- _SUPPLIED MATERIAL_:

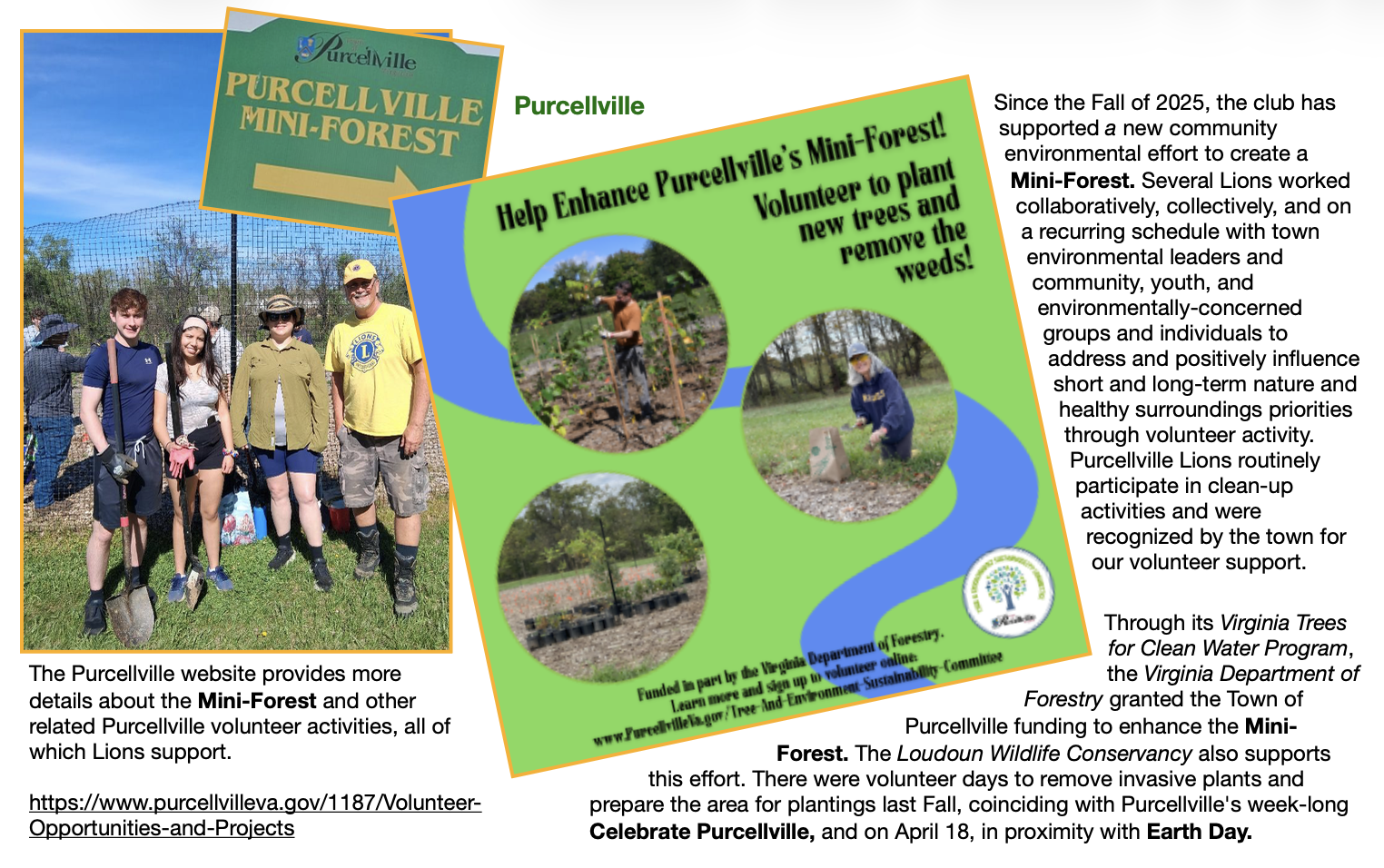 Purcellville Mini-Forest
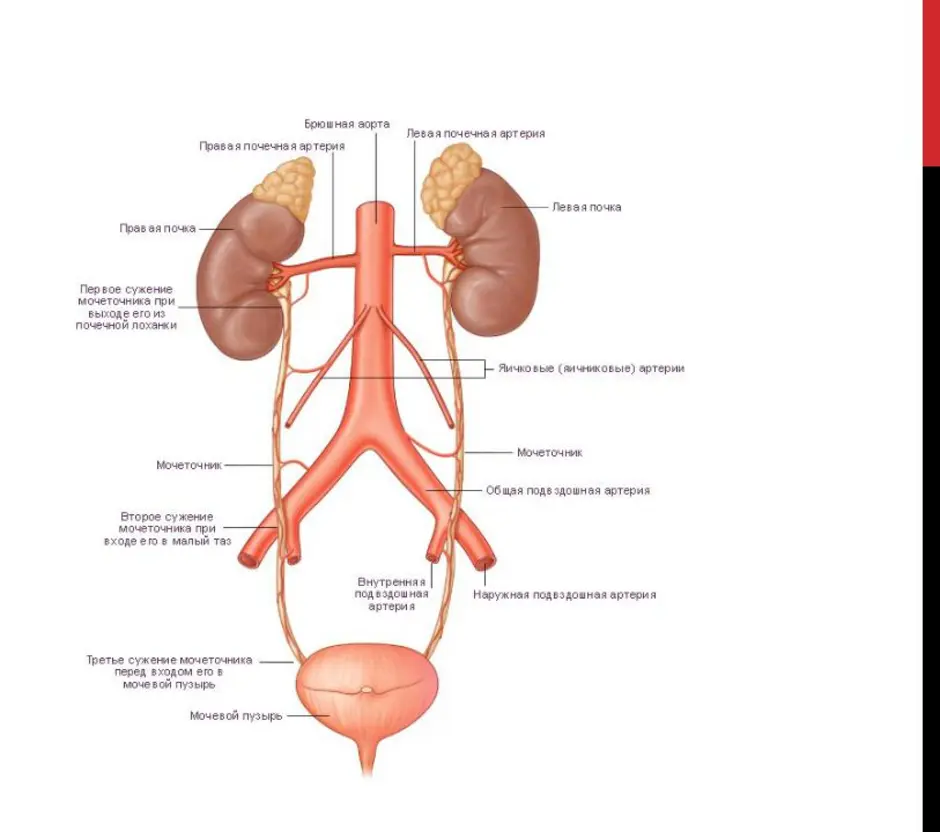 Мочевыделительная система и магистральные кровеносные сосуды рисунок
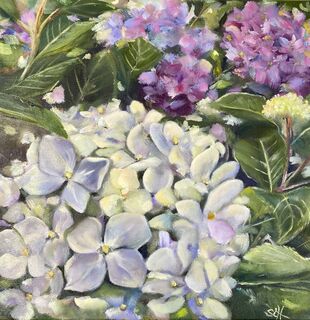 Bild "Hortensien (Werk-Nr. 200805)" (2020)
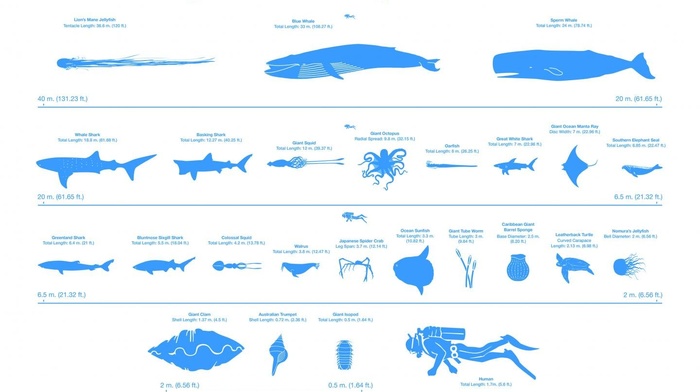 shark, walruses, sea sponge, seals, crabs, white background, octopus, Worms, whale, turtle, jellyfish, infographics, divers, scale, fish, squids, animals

...

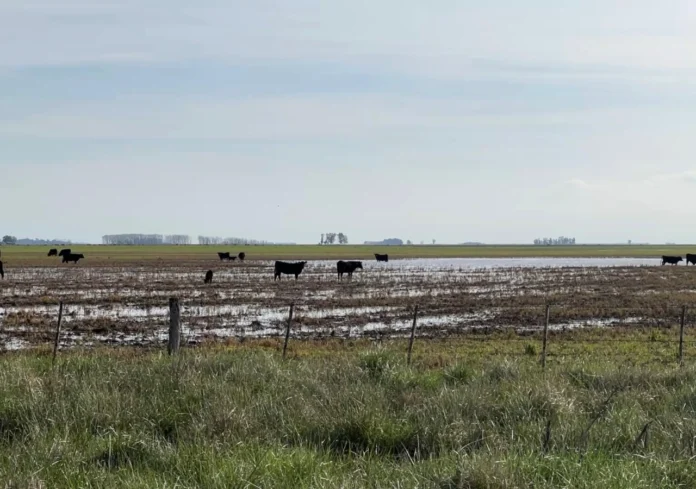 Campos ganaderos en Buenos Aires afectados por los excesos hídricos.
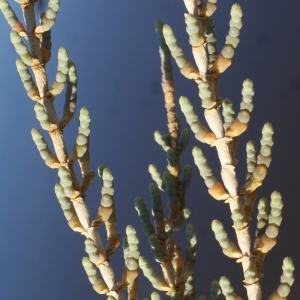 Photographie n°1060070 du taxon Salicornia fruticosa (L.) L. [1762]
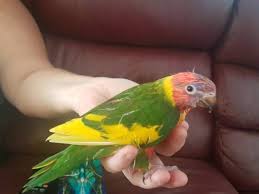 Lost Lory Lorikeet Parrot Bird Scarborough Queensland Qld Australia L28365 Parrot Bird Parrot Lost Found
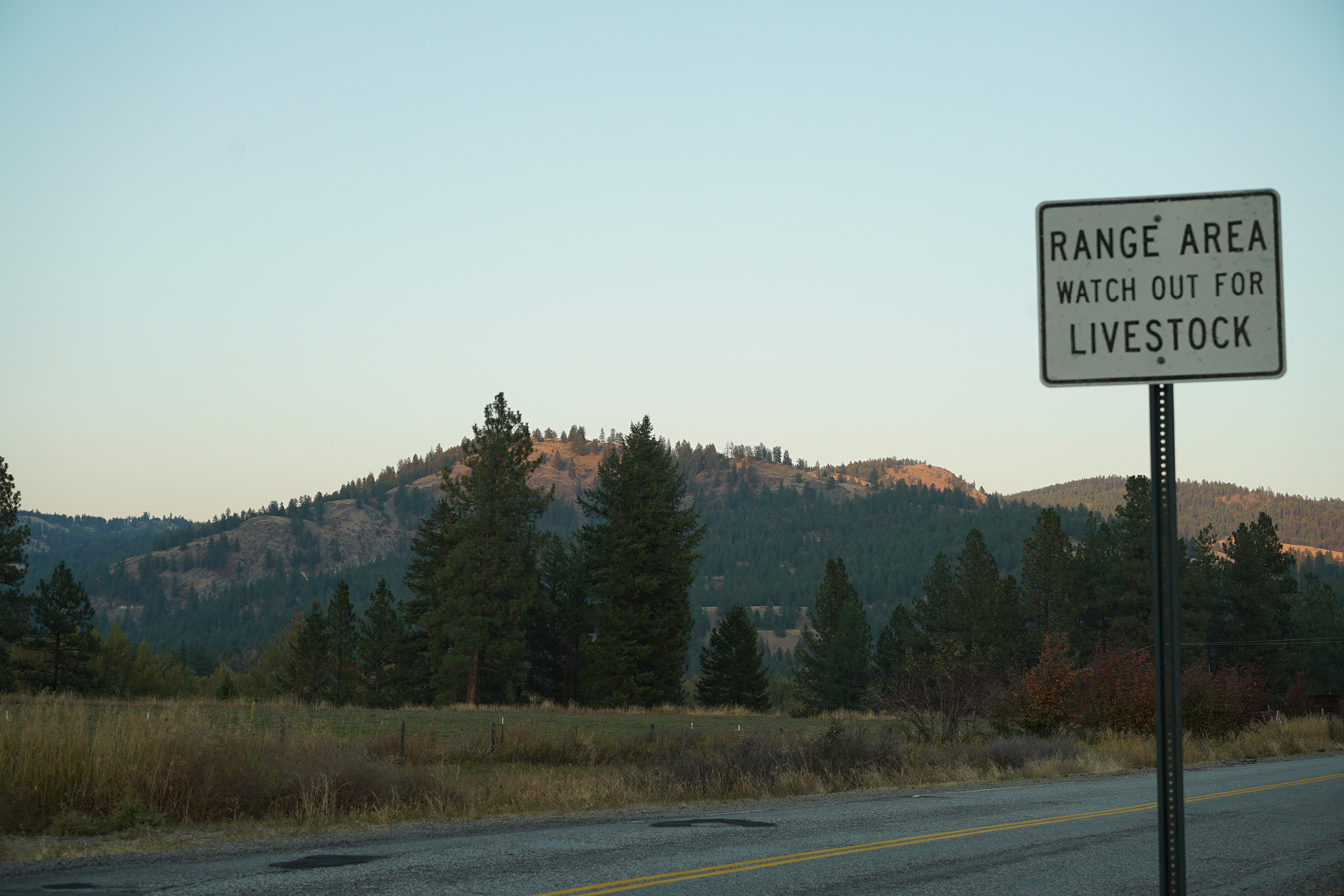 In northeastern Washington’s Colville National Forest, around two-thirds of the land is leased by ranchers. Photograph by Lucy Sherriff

--

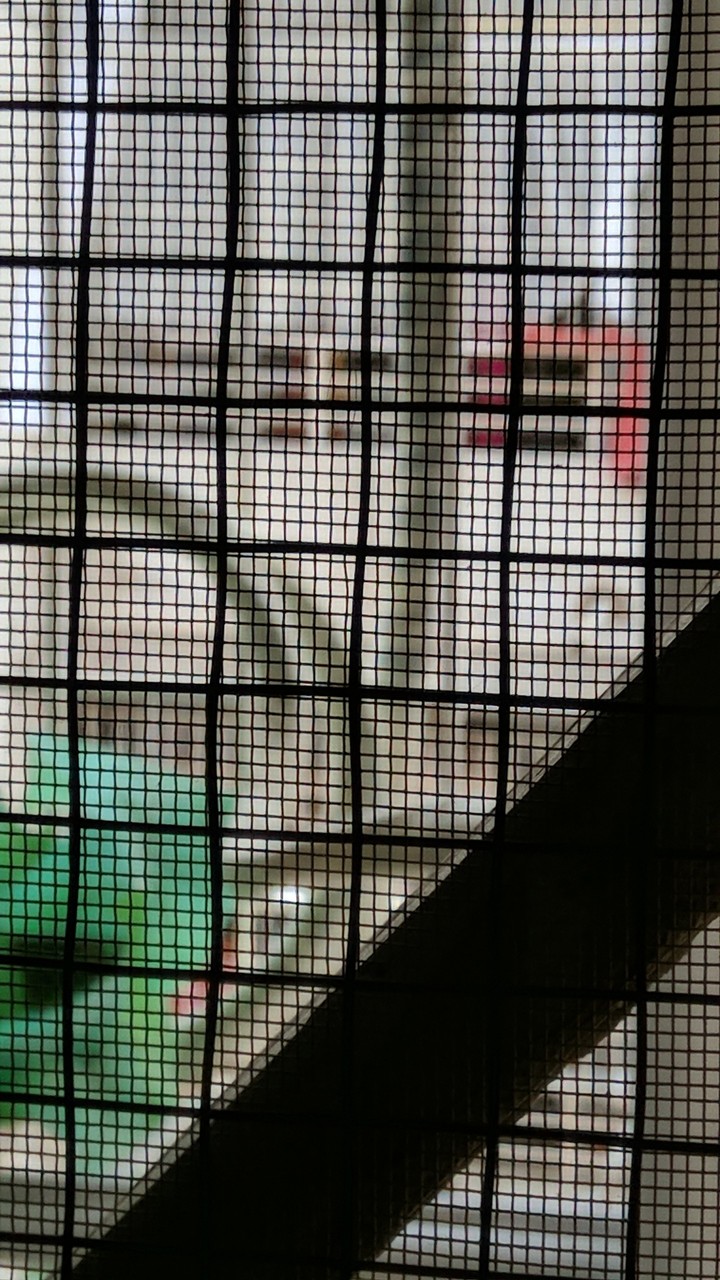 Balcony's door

- _ABOUT THIS EXERCISE_:
With the pictures removed, print only the lines starting at the line that has "Purcellville Mini-Forest" and ending at the line that has "shark, walruses, sea", both ends included, exactly as they stand above.

- _RESULT_:
 Purcellville Mini-Forest
 Мочевыделительная система и магистральные кровеносные сосуды рисунок
 Bild "Hortensien (Werk-Nr. 200805)" (2020)
 shark, walruses, sea sponge, seals, crabs, white background, octopus, Worms, whale, turtle, jellyfish, infographics, divers, scale, fish, squids, animals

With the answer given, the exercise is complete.